To undertake a post on humor is to tempt Fate. Or, as Tina Fey might have it, it’s waving baked goods under Fate’s nose when she’s trying to write.

Everyone gets tickled in a slightly different place on their funnybone.

Does humor have a place in professional writing – be it internal memos, magazine articles, executive speeches, or press releases? It definitely can, but a few guidelines can help.

  1. Know Your Audience: Isn’t this the case for all good writing and communications? You bet. Never more so than when using humor because humor is dependent on individual taste, background, and cultural, ethnic and religious norms.
  2. Have Something to Say: Humor is no substitute for delivering information that your readers or listeners can use. No matter how hard they laugh, if your audience is left with a lingering sense that they didn’t get something useful from your communication, they’ll ultimately feel they’re wasting their time.

Most pros advise going for puns rather than belly laughs. One key reason for this is that editors and avid readers are consumers of words and have a natural appreciation for word play.

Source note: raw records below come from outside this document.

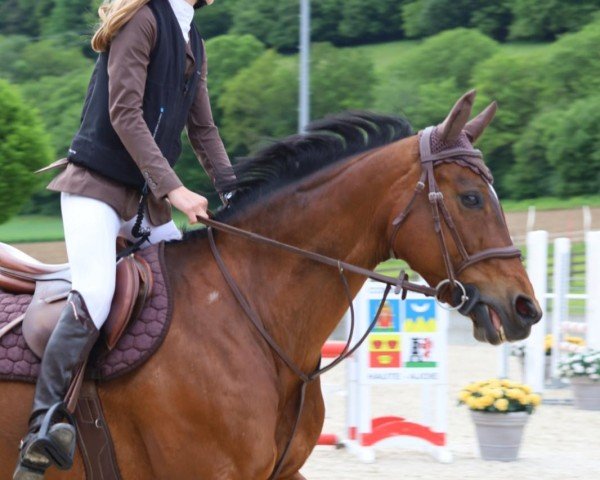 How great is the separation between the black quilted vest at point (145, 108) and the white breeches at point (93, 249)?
15cm

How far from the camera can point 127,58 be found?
12.7ft

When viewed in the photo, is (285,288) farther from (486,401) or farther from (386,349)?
(486,401)

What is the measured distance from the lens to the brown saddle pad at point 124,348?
384 cm

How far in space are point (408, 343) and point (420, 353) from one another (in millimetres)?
119

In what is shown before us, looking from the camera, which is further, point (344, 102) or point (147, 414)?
point (344, 102)

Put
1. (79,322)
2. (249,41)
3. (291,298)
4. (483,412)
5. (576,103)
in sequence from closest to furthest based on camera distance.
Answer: (79,322) < (291,298) < (483,412) < (576,103) < (249,41)

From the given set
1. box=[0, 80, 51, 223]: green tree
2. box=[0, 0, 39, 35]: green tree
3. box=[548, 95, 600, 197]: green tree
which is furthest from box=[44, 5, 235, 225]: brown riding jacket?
box=[0, 0, 39, 35]: green tree

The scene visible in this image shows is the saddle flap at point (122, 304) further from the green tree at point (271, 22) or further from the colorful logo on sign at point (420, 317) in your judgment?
the green tree at point (271, 22)

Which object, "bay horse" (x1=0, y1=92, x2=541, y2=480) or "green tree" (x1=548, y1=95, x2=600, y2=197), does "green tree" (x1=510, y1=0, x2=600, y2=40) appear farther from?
"bay horse" (x1=0, y1=92, x2=541, y2=480)

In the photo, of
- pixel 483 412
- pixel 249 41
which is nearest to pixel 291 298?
pixel 483 412

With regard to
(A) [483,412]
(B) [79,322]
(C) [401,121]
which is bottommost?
(A) [483,412]

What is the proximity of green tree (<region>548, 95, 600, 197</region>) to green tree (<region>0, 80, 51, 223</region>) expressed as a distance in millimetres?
29009

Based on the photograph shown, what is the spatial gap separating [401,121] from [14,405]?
1788mm

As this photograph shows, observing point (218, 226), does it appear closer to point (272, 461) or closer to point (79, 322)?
point (79, 322) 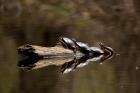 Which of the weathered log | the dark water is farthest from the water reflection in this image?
the dark water

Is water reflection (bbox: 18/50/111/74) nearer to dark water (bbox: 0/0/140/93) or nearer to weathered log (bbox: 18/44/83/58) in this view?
weathered log (bbox: 18/44/83/58)

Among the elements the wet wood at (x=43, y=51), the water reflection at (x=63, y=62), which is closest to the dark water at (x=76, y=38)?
the water reflection at (x=63, y=62)

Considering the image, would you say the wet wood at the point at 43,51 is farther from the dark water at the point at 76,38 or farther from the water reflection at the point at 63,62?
the dark water at the point at 76,38

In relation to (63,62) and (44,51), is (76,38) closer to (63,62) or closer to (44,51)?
(44,51)

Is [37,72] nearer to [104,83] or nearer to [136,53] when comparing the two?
[104,83]

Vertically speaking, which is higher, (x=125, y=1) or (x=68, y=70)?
(x=125, y=1)

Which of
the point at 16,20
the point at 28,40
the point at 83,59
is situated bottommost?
the point at 83,59

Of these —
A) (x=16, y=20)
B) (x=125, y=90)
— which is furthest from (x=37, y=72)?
(x=16, y=20)

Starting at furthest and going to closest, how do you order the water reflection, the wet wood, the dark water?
the wet wood → the water reflection → the dark water

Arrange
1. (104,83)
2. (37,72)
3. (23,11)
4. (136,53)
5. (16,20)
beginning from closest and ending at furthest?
1. (104,83)
2. (37,72)
3. (136,53)
4. (16,20)
5. (23,11) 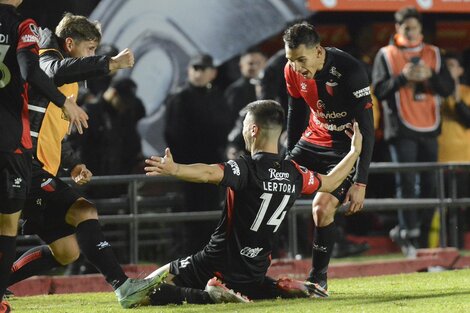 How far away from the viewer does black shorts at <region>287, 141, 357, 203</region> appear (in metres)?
9.78

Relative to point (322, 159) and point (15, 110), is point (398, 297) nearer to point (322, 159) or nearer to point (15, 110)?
point (322, 159)

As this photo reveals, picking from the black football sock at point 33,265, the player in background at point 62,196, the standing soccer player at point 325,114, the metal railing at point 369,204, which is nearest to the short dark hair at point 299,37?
the standing soccer player at point 325,114

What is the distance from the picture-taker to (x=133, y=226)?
1228 centimetres

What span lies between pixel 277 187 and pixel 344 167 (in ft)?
1.95

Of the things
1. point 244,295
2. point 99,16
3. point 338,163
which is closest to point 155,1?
point 99,16

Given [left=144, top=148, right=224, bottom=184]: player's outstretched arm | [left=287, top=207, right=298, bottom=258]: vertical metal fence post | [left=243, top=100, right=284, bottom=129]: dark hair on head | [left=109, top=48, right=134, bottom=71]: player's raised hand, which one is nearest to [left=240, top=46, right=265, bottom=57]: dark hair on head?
[left=287, top=207, right=298, bottom=258]: vertical metal fence post

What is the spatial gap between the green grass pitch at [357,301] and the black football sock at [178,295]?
7cm

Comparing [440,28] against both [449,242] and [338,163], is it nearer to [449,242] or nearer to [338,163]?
[449,242]

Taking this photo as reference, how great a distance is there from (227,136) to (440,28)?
4.22m

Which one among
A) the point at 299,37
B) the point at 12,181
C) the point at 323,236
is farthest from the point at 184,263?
the point at 299,37

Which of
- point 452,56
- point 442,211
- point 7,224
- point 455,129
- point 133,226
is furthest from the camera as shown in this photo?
point 452,56

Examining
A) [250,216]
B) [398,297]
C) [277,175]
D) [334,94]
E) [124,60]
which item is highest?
[124,60]

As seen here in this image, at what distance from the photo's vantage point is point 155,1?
14203 mm

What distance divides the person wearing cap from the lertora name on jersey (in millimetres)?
5040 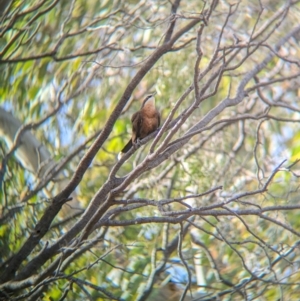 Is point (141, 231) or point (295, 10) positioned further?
point (295, 10)

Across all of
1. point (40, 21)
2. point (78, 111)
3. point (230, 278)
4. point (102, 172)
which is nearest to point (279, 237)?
point (230, 278)

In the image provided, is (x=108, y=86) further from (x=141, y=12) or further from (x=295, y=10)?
(x=295, y=10)

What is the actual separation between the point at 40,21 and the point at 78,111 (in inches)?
36.2

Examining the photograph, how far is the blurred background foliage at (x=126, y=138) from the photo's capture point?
5.78m

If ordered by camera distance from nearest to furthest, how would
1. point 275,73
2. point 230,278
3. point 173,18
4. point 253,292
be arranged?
point 173,18 → point 253,292 → point 230,278 → point 275,73

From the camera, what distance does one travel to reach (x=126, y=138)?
704 centimetres

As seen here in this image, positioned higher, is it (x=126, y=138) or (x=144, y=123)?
(x=126, y=138)

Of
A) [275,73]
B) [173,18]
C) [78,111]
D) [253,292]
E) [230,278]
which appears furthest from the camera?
[275,73]

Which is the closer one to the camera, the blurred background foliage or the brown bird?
the brown bird

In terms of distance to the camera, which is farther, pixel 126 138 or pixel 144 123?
pixel 126 138

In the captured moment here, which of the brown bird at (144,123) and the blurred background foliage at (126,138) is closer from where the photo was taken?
the brown bird at (144,123)

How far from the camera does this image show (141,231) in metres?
6.27

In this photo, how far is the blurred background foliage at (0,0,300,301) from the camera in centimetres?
578

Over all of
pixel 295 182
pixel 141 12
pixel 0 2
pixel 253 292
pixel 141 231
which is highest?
pixel 141 12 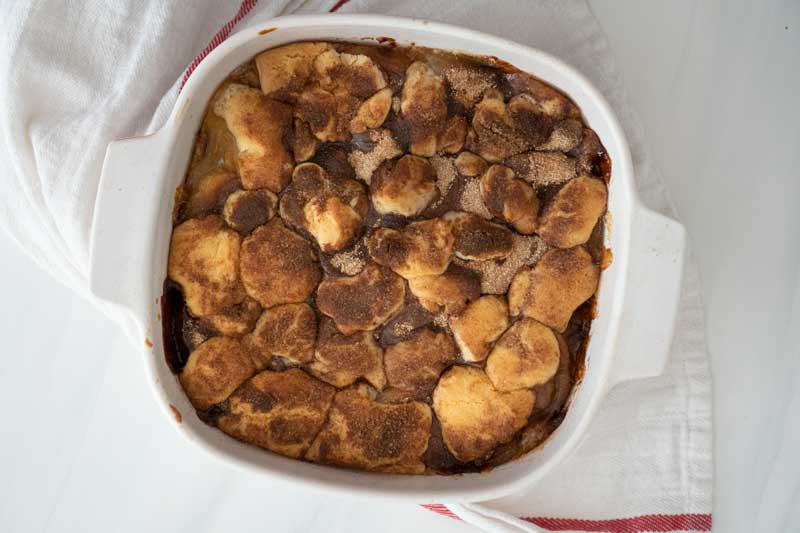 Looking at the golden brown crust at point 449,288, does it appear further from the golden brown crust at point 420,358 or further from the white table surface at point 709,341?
the white table surface at point 709,341

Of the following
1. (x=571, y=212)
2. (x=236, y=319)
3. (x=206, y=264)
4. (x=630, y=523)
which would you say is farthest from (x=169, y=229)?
(x=630, y=523)

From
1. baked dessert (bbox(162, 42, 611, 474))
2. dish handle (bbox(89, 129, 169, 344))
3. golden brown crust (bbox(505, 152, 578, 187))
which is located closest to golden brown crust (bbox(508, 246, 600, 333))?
baked dessert (bbox(162, 42, 611, 474))

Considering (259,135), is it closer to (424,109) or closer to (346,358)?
(424,109)

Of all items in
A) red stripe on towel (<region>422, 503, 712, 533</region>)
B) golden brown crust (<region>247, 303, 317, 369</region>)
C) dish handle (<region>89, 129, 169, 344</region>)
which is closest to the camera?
dish handle (<region>89, 129, 169, 344</region>)

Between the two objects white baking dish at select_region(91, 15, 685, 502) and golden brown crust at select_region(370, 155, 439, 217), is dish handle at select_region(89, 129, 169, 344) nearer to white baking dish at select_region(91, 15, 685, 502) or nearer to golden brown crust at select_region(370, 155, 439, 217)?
white baking dish at select_region(91, 15, 685, 502)

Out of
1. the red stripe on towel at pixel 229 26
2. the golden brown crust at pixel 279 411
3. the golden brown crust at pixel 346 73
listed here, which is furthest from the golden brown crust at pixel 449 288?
the red stripe on towel at pixel 229 26

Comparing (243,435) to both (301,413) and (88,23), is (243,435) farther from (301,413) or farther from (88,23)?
(88,23) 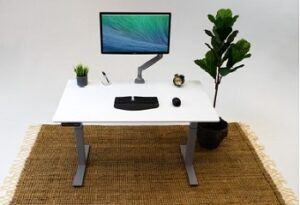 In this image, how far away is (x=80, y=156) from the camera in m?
2.82

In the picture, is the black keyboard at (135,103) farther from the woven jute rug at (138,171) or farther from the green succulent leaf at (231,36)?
the green succulent leaf at (231,36)

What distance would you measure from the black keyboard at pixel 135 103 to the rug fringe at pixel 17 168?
0.96 meters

Do it with flair, and you may get column inches out of your press release.

Remember word play that relies on a visual interpretation of text will be far more difficult for an audience listening to a speech, however, verbal punning is perfect in these instances.

Likewise, while I have laughed till I developed a stitch in my side over the antics of Autocorrect and the LOL cats, if you’re trying to explain in writing what one of the “kittehs” at I Can Has Cheezeburger is doing, the joke will probably go down like a hairball.

Then, there’s being too clever: One company found this out the hard way when it used what it thought was a humorous soundbite to start off a video explaining why the company was downsizing. “I came to this meeting because I heard they were serving food,” chortled an exec on the video. Loss of job, loss of life, loss of lunch – these are not moments for levity unless you inhabit Quentin Tarantino’s world.

Your audience – employees, gentle readers, shareholders, the editor of a network news show – is made up of human beings. They respond to humor like we do, but it’s important to be respectful. And substantive. Humor won’t hide a lack of real news or information in your content. You don’t want to insult your audience or their intelligence.

What tickles your funnybone? Do have examples of written humor that works or fails?

Writing that inspired me this week:

“I think no innocent species of wit or pleasantry should be suppressed; and that a good pun may be admitted among the smaller excellencies of lively conversation.”